***** Dataset section *****

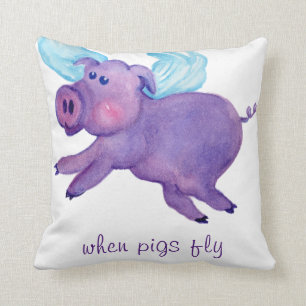 Coussin Si pourpres les porcs pilotent l'aquarelle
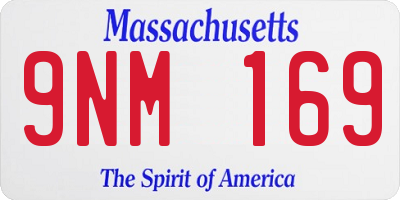 MA license plate 9NM169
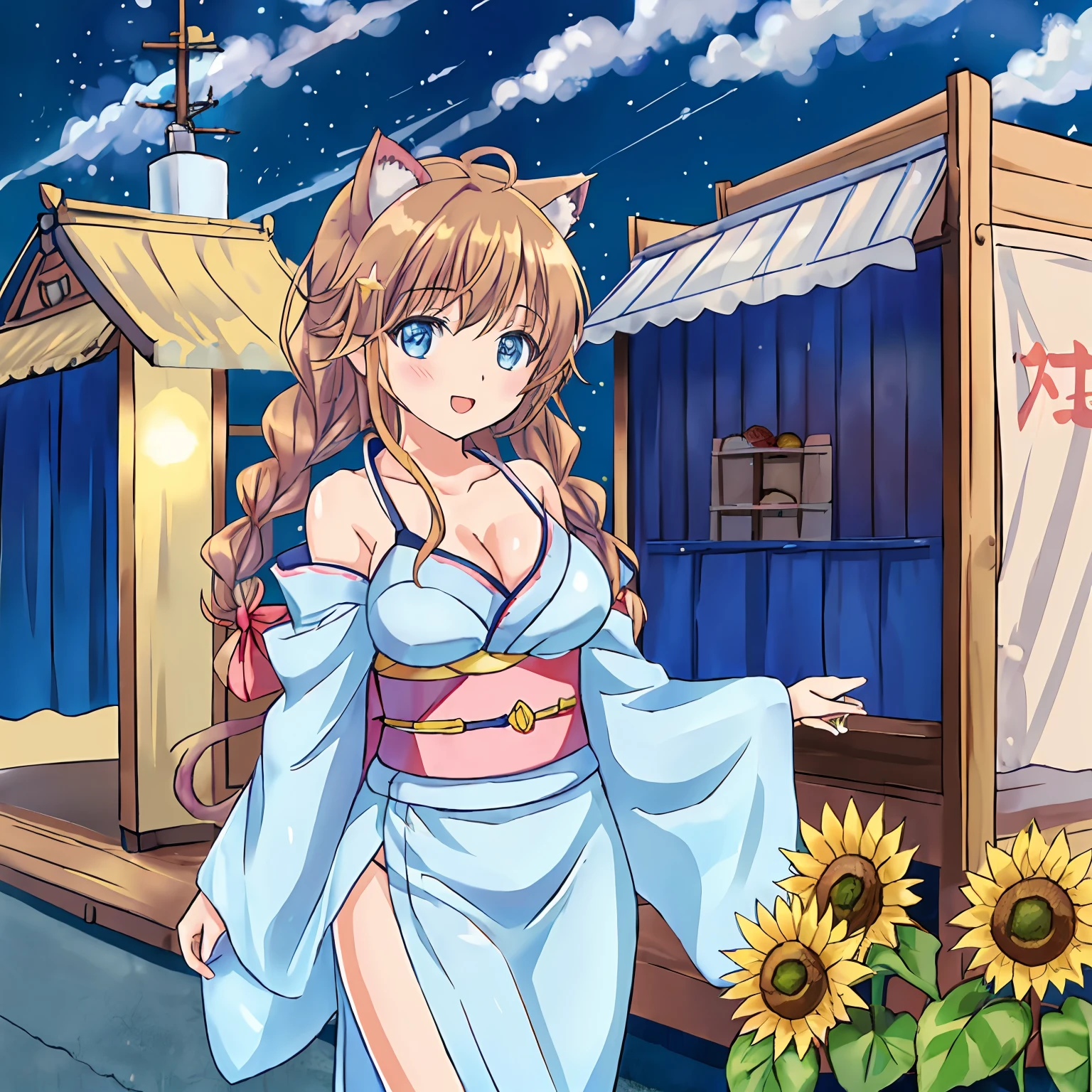 (Highly detailed CG Unity 8k wallpaper), (Best Quality), (Super Detail), (Best Illustration), (Best Shadow), POV, Realistic lighting and shading, Natural light, Lens flare effect, BREAK, 1 beautiful girl, Solo,(Cute:1.5),(Chibi:0.8), (kawaii:1.5),(:0.5), BREAK, ( (17 yl), Very detailed, colourfull, highest details, BREAK, (Huge breasts: 1. 2,),skin, Beautiful skin, Shy skin, 1 beautiful girl, Brown hair wet with sweat, (Cat ears, Braids,medium-Long hair: 1. 2), (Light blue eyes, long eyelashes, Double eyelids: 1. 2), Solo, gleaming skin, BREAK,(Yukata with cute sunflower pattern,Dark blue obi kimono:1.2), (:D:1.2), (star-shaped earring:1.1), (Hair ornament in the shape of the moon:1.0), (Geta:1.3), (Arms spread with high tension:1.1), (is standing,,Slouched:1.3), Taking off your t-shirt, (Angle from above,Emphasizes cleavage:1.1), BREAK, (:1.2),(🌃,food stand,Shooting Stall,natta,skyrocket:1.5),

*****

--- Required action ---
Transcribe all lines above exactly, skipping pictures.

--- Exercise output ---
 Coussin Si pourpres les porcs pilotent l'aquarelle
 MA license plate 9NM169
 (Highly detailed CG Unity 8k wallpaper), (Best Quality), (Super Detail), (Best Illustration), (Best Shadow), POV, Realistic lighting and shading, Natural light, Lens flare effect, BREAK, 1 beautiful girl, Solo,(Cute:1.5),(Chibi:0.8), (kawaii:1.5),(:0.5), BREAK, ( (17 yl), Very detailed, colourfull, highest details, BREAK, (Huge breasts: 1. 2,),skin, Beautiful skin, Shy skin, 1 beautiful girl, Brown hair wet with sweat, (Cat ears, Braids,medium-Long hair: 1. 2), (Light blue eyes, long eyelashes, Double eyelids: 1. 2), Solo, gleaming skin, BREAK,(Yukata with cute sunflower pattern,Dark blue obi kimono:1.2), (:D:1.2), (star-shaped earring:1.1), (Hair ornament in the shape of the moon:1.0), (Geta:1.3), (Arms spread with high tension:1.1), (is standing,,Slouched:1.3), Taking off your t-shirt, (Angle from above,Emphasizes cleavage:1.1), BREAK, (:1.2),(🌃,food stand,Shooting Stall,natta,skyrocket:1.5),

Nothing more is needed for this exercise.